Collected material:

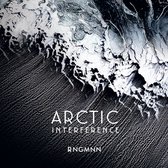 Rngmnn - Arctic Interference (CD)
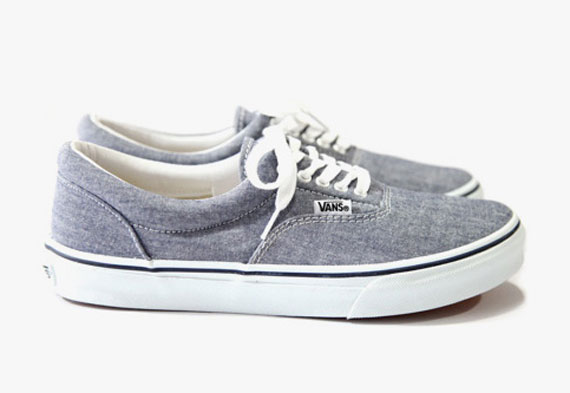 Chaussures vans era deals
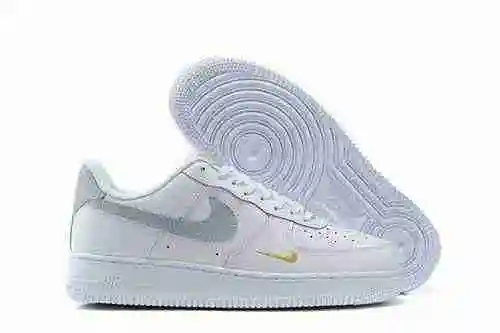 Nike Air Force 1 Bajo CZ0270-106 36-46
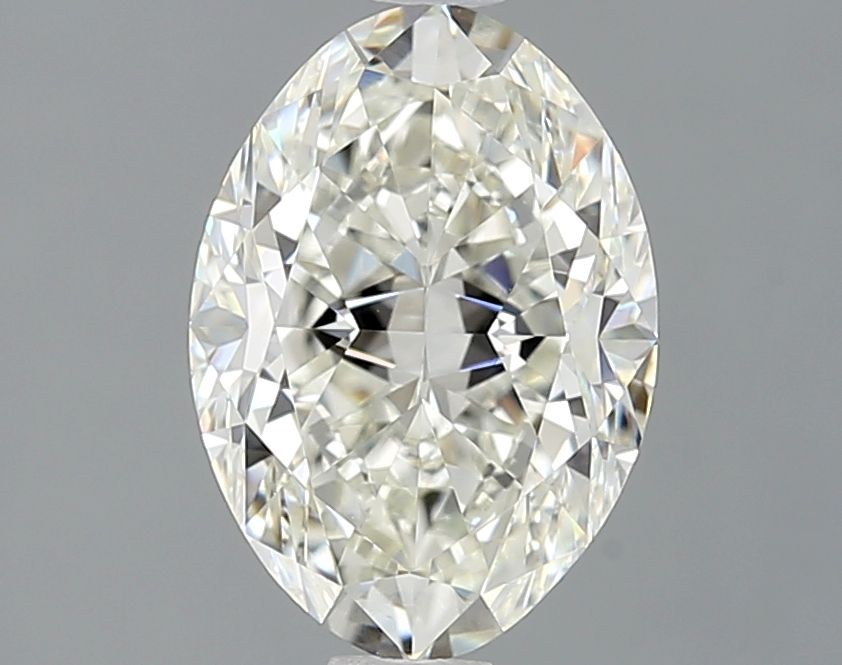 1.50 Carat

Work instruction: Where a picture appears in the data, omit it; restate the rest word for word.

Your solution:
 Rngmnn - Arctic Interference (CD)
 Chaussures vans era deals
 Nike Air Force 1 Bajo CZ0270-106 36-46
 1.50 Carat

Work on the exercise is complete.